Cliffhanger plot device shouldn’t be mixed with an ambiguous or open ending, when the reader is left to decide what’s happened next for artistic reasons or with a dangling plot lines ending that ties up the majority of the story or the main conflict but leaves some things unresolved so the reader/viewer knows that the story will be continued but, e.g. with another set of main leads.
Origin and all the rest
In 1930s episodes of early film serials often ended with characters in desperate situations such as hanging literally off the edge of a cliff. Still that plot device is much older; actually it has roots in ancient oriental literature. In the collection of stories known as “One Thousand and One Nights” the king Shehreyar, disillusioned by an unfaithful woman, ordered that every virgin girl he married should be hanged after their first night together. The clever Scheherazade devised a plan to end that slaughter of innocent spouses. She married the king and told him a story every night which ending would be left unresolved. It worked like a wonder: Shehreyar postponed the order of execution every morning, anxious to hear the rest of the story. That situation lasted 1001 nights so about three years before Scheherazade managed to persuade the king that not every woman was stupid and/or unfaithful and she was a wife worth keeping. Why she didn’t organize a coup d’etat in that time and became an independent ruler instead of that revengeful idiot is beyond me. Oh wait, I know. She was permanently sleep-deprived, poor thing.
Still you must agree such a situation is rather exceptional – I mean rarely authors, directors and writers face such an alternative. Usually they just want you to buy another part of the series, watch the next episode of a serial or return to the next act of a play. Neither William Shakespeare nor Thomas Hardy were above such tricks knowing pretty well that most people are curious creatures and they would spend and spend in order to satiate once aroused curiosity.
Personally I consider a cliffhanger a mean, cheap and rather desperate way to ensure your next piece of fiction will sell. I hate them with few exceptions. Why? First of all I find it extremely annoying – I haven’t been reading a book, spending a considerable amount of time among its heroes and heroines, only to find more questions than answers at the very end of it. It’s unfair. In my view it’s also bit like an extortion. An author says: ‘I know you’re curious but I won’t tell you this or that if you don’t pay me more’. Dear authors, I appreciate a satisfying resolution. If your prose/series is good I will buy another part without such ham-handed ‘encouragement’. On the other hand if it is bad, nothing will force me to invest more money in it even if you leave all your characters suspended from different roofs and cliffs.
An even more vicious form of cliffhangers is sometimes featured in romance series when the author makes you guess for several installments who the main character will end up with. And then they usually end up with the wrong kind of dude/gal leaving me completely disgruntled.

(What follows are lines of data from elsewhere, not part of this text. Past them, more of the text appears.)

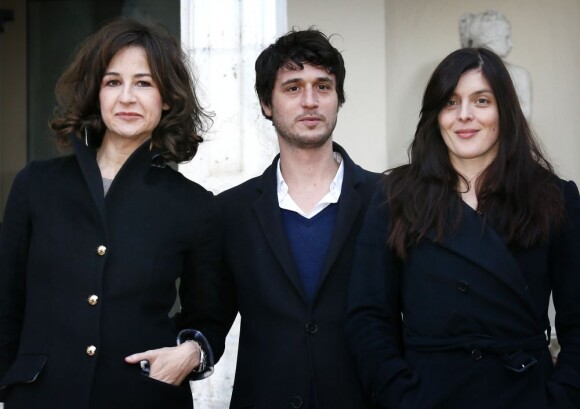 Le trio Valérie Lemercier, Jérémie Elkaim and Valérie Donzelli au photocall de Main dans la Main le 13 novembre 2012 à Sarlat.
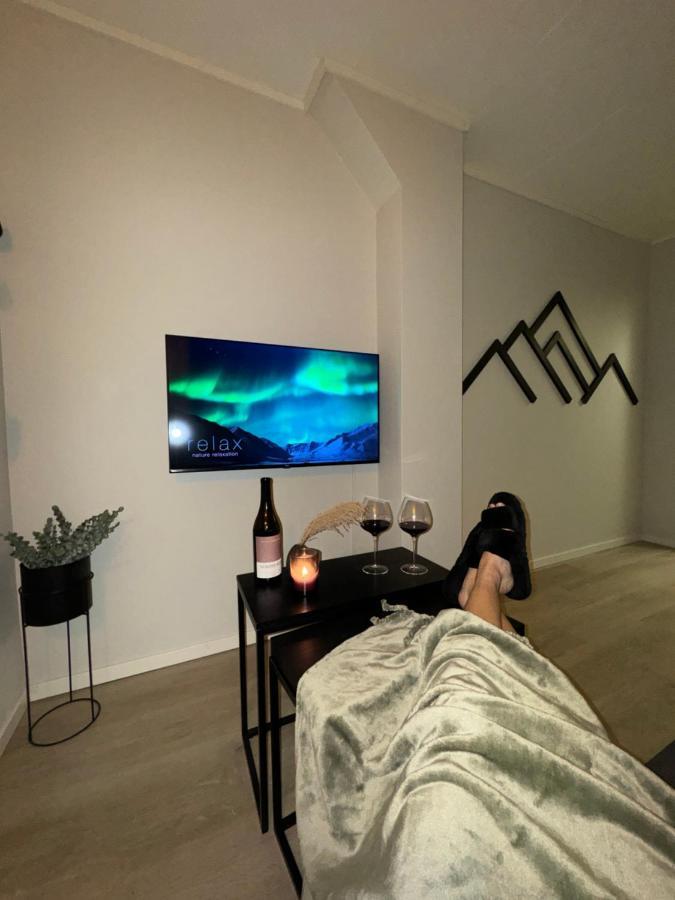 Apartamento New! Modern - Central - Cozy Place By The Sherpa Stairs Tromsø Exterior foto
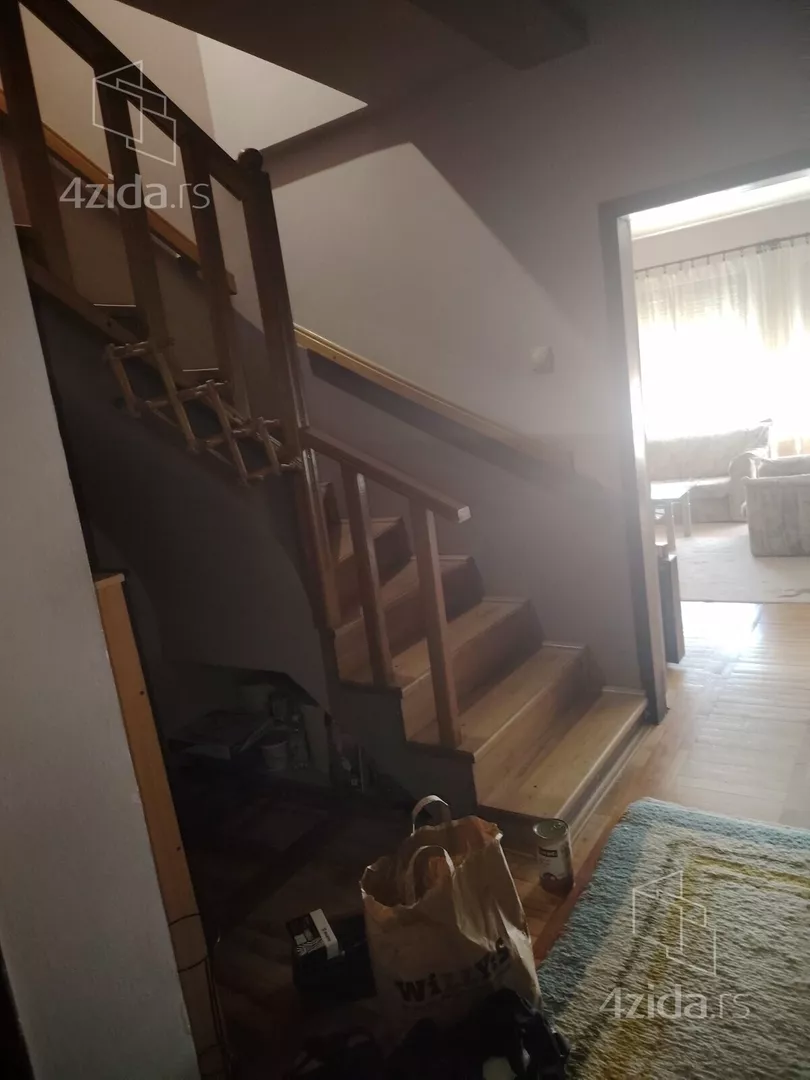 Četvoroiposoban stan | 4zida
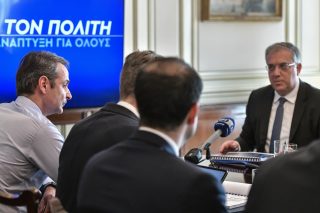 Τα «μέτρα», οι συνδικαλιστές, η Αριστερά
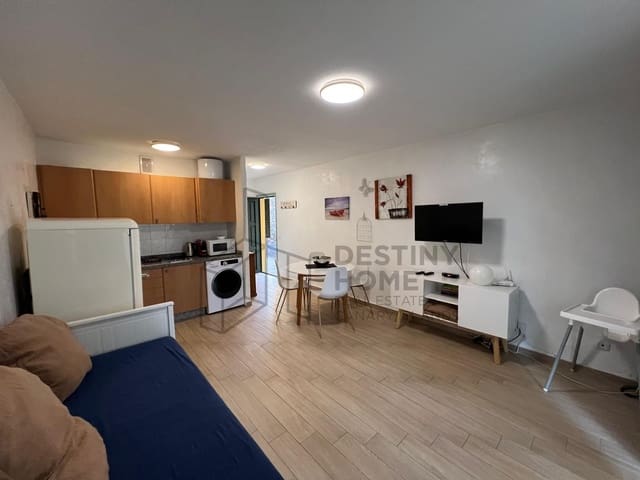 1 sovrum Lägenhet till salu i Corralejo, La Oliva med pool - 199 000 € (Ref: 9419406)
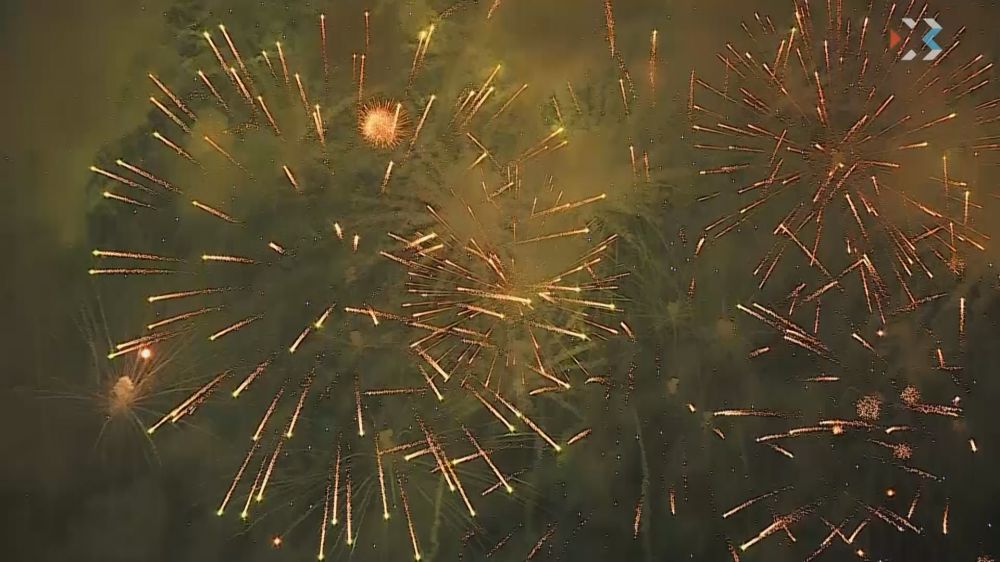 23 февраля Севастополь отметил праздничным концертом и салютом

What about you? Do cliffhangers ruin a story for you or you don’t mind them at all? Does it bother you to know that you’ll be left guessing at the end of a novel for some time, sometimes as long as a year or even several years? Have you ever bought another part of a series just because the previous one ended with a cliffhanger and you were curious what would happen next? Were you happy with the answer/solution or were you rather disappointed?